The removal of the Elwha and Glines Canyon dams on the Elwha River has not only resulted in astounding changes to the environment, it has also provided great opportunities for scientists to better understand how the ecosystem functions. Researchers have studied delta erosion and development and how fish, mammals, invertebrates, and birds respond to a return to more natural processes. And, in new data, they are seeing what can happen with the removal of shoreline armoring. “It’s like watching a highlight reel, sped up,” says Jamie Michel, a nearshore biologist with the Coastal Watershed Institute.

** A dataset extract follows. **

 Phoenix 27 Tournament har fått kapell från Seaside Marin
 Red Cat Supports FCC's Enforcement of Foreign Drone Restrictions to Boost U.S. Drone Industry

Over the past several years, Michel has been involved in a nearshore restoration project about a mile east of the Elwha River delta. The project began in 2015 when Michel and CWI began to study the effects of a ¾-mile long armored wall built of large rip rap and concrete slabs sometime in the 1950s. The seawall had been constructed to protect an artificial lake, Beach Lake, which had formed from a lagoon that existed prior to construction of the dams. Because the dams drastically reduced the supply of sediment to the beach, the lagoon had morphed into a lake.
The wall, however, did not stop erosion from taking place and over the subsequent decades, the beach and armoring suffered. By 2006, the lake and the beach could no longer withstand the decades of degradation, and sometime during the year most of the lake drained out, probably because much of the seawall was littered across two acres of beach. Little changed until 2014, when sediment that had been trapped by the Elwha River dams began to reach the delta.